Unleashing asymmetric polyoxometalate redox activators on 2D interfaces for high-performance hybrid energy storage

Abstract

Polyoxometalates (POMs) are an intriguing class of compounds with remarkable redox capabilities, making them prime candidates for energy storage applications. However, the challenge lies in their heightened solubility, which limits their direct use as electrode materials. The successful confinement of POMs into suitable templates becomes pivotal in creating supercapacitors with elevated energy and power densities.

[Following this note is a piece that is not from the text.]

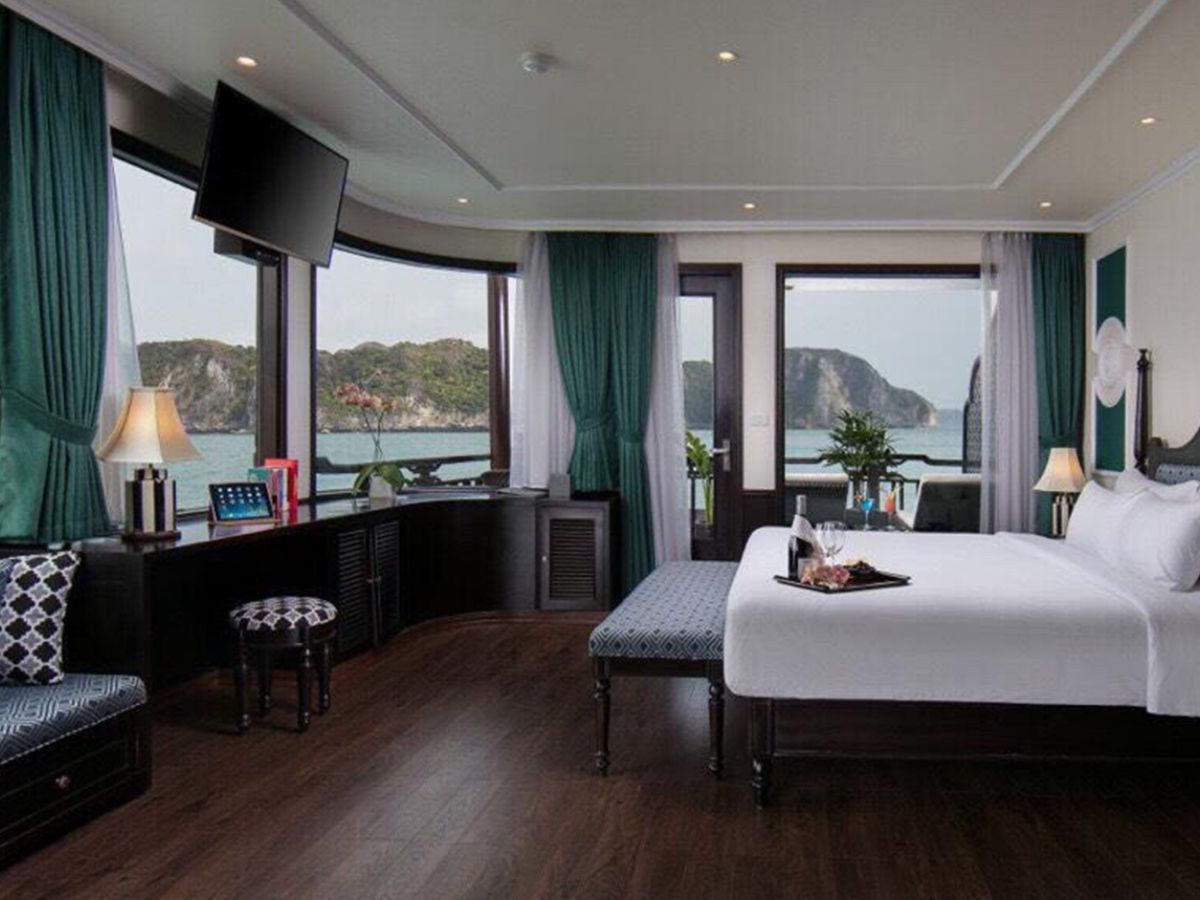 Genesis Day Cruise là một trong những lựa chọn du thuyền Hạ Long 1 ngày được nhiều du khách yêu thích.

Our study showcases the successful integration of asymmetric POMs (Mo and W) onto two-dimensional (2D) templates, specifically graphene oxide and MXene. The synergy could benefit from the inherent charge storage capabilities of the high surface area 2D substrates that could provide a template for uniform dispersion of POMs enabling additional faradaic capacitances at electrode/electrolyte interface. A hybrid supercapacitor (HSC) fabricated effectively utilizes these faradaic capacitances across an extended potential window of 1.2 V in a 2 M H2SO4 solution, yielding impressive capacitance values of 110.4 F/g at a current density of 1 A/g. Furthermore, our synthesis strategy could effectively anchor POMs resulting in a high capacitive retention of 92.4% at high scan rates of 50 mV/s after 5000 cycles. Our approach can be effective in designing POM based pseudo capacitive electrodes with excellent structural stability and surface properties that can be relevant to many electronic and energy applications.